The NY Times this morning ran a story about the least sympathetic Joneses of the current recession:
Meet the Joneses, two Silicon Valley engineers who, in many ways, seem to have it all — a home they bought for $850,000, two children and a combined income of about $250,000 a year. But despite their apparent wealth, Kirsten and Mike Jones financed much of their lifestyle with borrowed money.
Now, like many overspent Americans, the Joneses are deeply in debt. They owe $100,000 on their credit cards, and the tax assessor says their home is worth $100,000 less than they paid for it.

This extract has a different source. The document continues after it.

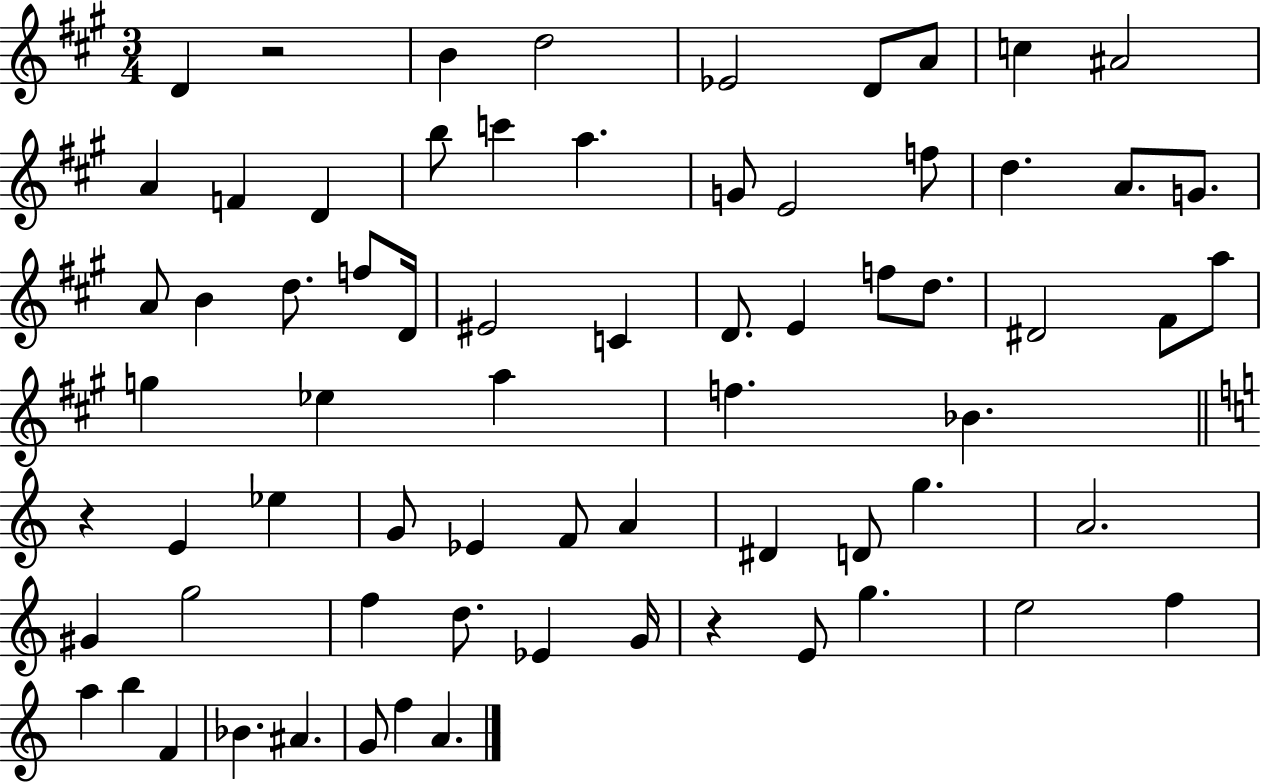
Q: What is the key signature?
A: A major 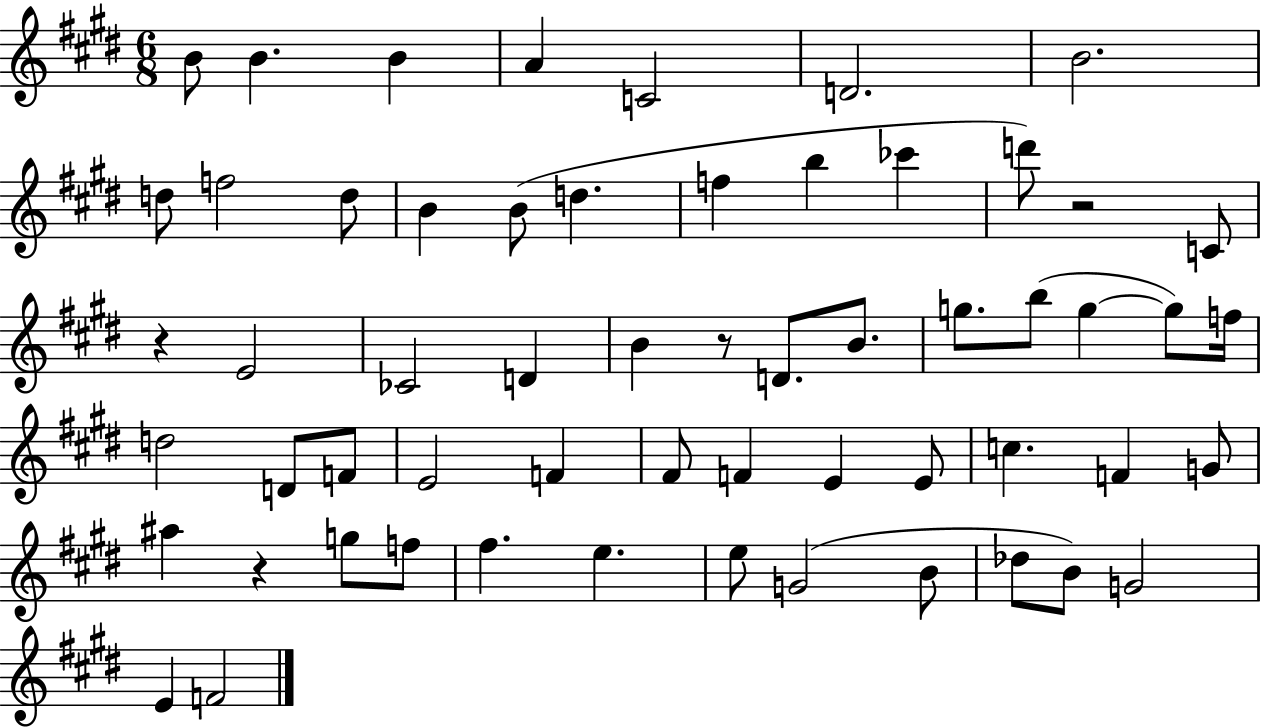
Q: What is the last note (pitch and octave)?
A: F4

To turn their finances around, they’re embracing an idea so quaint it might be cool again: living within their means.
Apparently things really are tough in the Jones household (emphasis added):
MS. JONES said that to get back to living on their actual incomes, she and her husband had to stop thinking in terms of credit. They set up one bank account to cover the household bills and pay back debt. To rein in unnecessary expenditures, she and her husband each get a cash allowance of $600 a month.
If your austerity budget includes $1200/month for “dinners out, clothes, gadgets,” here’s an idea: Don’t be in the %@^* paper. Nobody’s twisting your arm. When the reporter asks, just politely decline. It’s not indecent to be successful, obviously, but it is to whine about how hard it is to live on a mere $250K/year. And it’s outright obscene to be self-congratulatory about one’s ability to endure a $1200/month austerity budget.